Brasov, Transilvania, seis semanas después
—¿Qué aspecto tengo?
Stoica e Ilie se encogieron de hombros. Hablar era imposible, no osaban hacerlo, pero su gesto expresaba lo que pensaban con toda claridad: que si el voivoda de Valaquia se encontraba con los emisarios del rey Matías y con el Consejo de Brasov debía estar espléndidamente vestido, como le correspondía a un príncipe.
Ambos hombres sabían que tenía un maravilloso traje de seda negra, mandado a hacer el día que llegó a Brasov hacía cinco semanas, entregado una semana después y pagado por los habitantes de Brasov. No se atrevieron a decirle que no, teniendo en cuenta lo que les había hecho hacía sólo tres años, mediante el fuego y la leña.
Pero hoy el traje colgaba en el armario. El príncipe se había puesto su armadura. Ni siquiera le había permitido a Stoica que eliminara las abolladuras con un martillo ni lavara el barro y los restos de sangre que parecían orín.
La elocuencia de sus gestos le hizo sonreír a Vlad, pero él sabía algo que ellos ignoraban: el funcionamiento de la mente humana. Si se presentaba ante el Consejo y los embajadores de Hungría vestido como un cortesano, sólo parecería un pretendiente más, suplicando por armas y oro para recuperar un trono.

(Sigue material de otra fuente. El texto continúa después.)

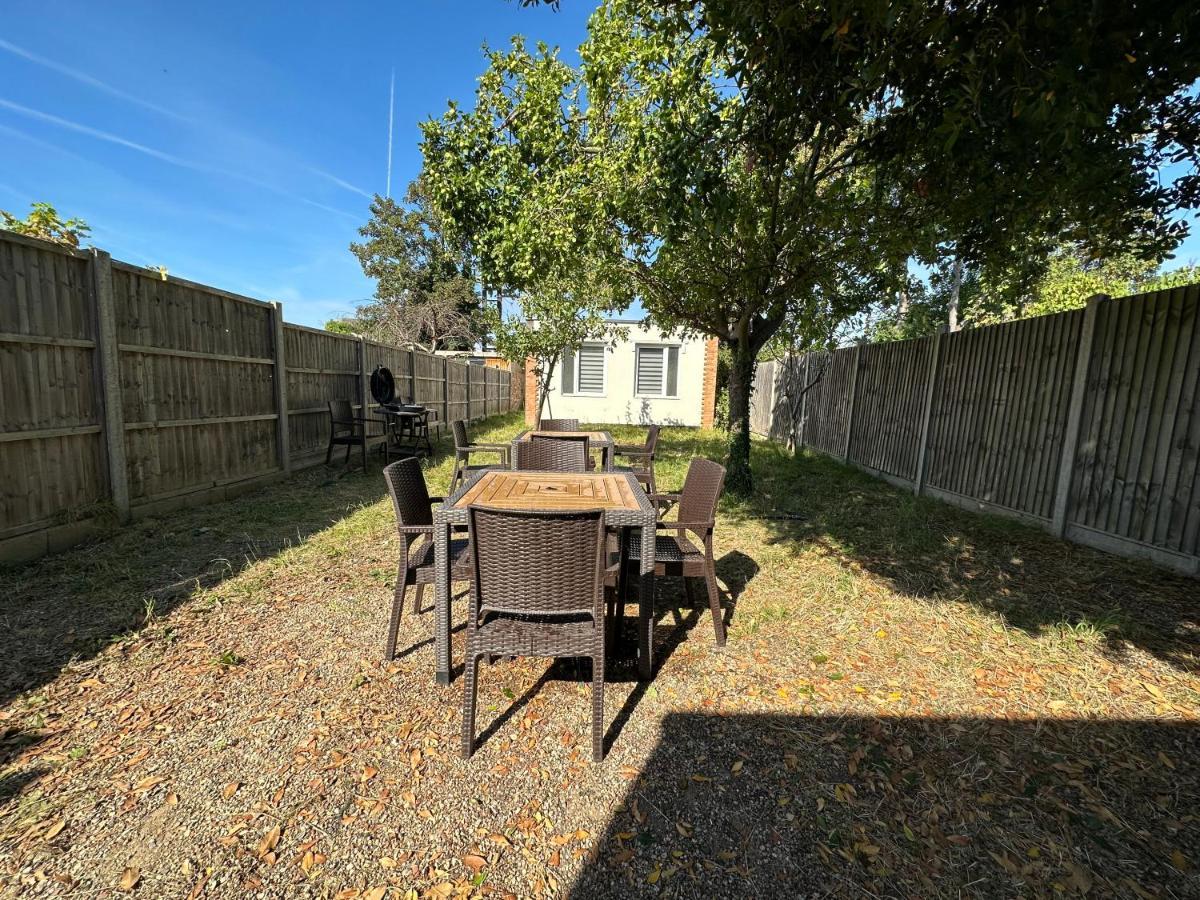Feriehus North A Spacious 7 Bedroom House Accommodating Up To 18 People Complete With Own Gym And Table Tennis *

Enfundado en una desgastada armadura aún era un guerrero y aún más importante: un guerrero con una guerra en curso, sólo interrumpida brevemente.
También les recordaría algo más, lo que él mejor sabía hacer: matar.

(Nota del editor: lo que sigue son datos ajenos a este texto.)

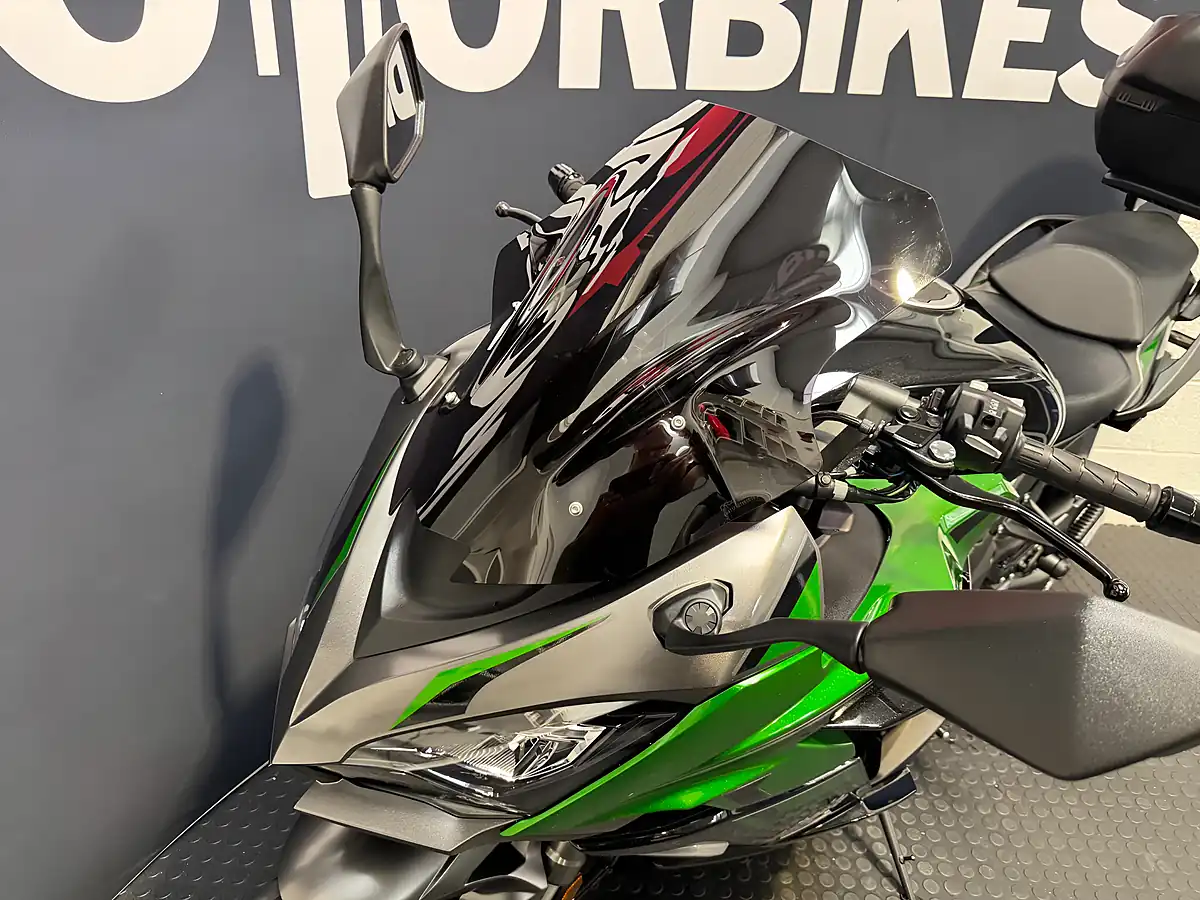 Used 2025 Kawasaki Ninja 1000SX - Interior and Exterior details 17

Se volvió y clavó la mirada en la puerta. Recordó otro momento, otra puerta, la que conducía a la Gran Sala de Targoviste. Había estado ante ella en Pascua, cuando estaba a punto de descender y derrocar a los boyardos. Le había preguntado a Ion qué aspecto tenía. Ion se lo había dicho y también lo hubiera hecho ahora, sin ahorrase el halago ni el insulto.
Su sonrisa se desvaneció. Ion no estaba allí. Vlad estaba solo, a excepción de estos dos, leales y críticos. Todos los demás habían desaparecido, pero en unas pocas horas debiera disponer de algo parecido a un ejército y del oro para pagar por él, puesto que la guerra sólo se había interrumpido brevemente.
—La espada —ordenó.
Stoica le trajo la Garra del Dragón y ajustó el cinto por encima del hombro del príncipe. Vlad lo detuvo con la mano, la izquierda mutilada, la alzó y recorrió el emblema del pomo, el Dragón que volaba allí, con tres dedos, pensando en el otro dragón que aguardaba en la Sala de los Orfebres, entre el Consejo de Brasov.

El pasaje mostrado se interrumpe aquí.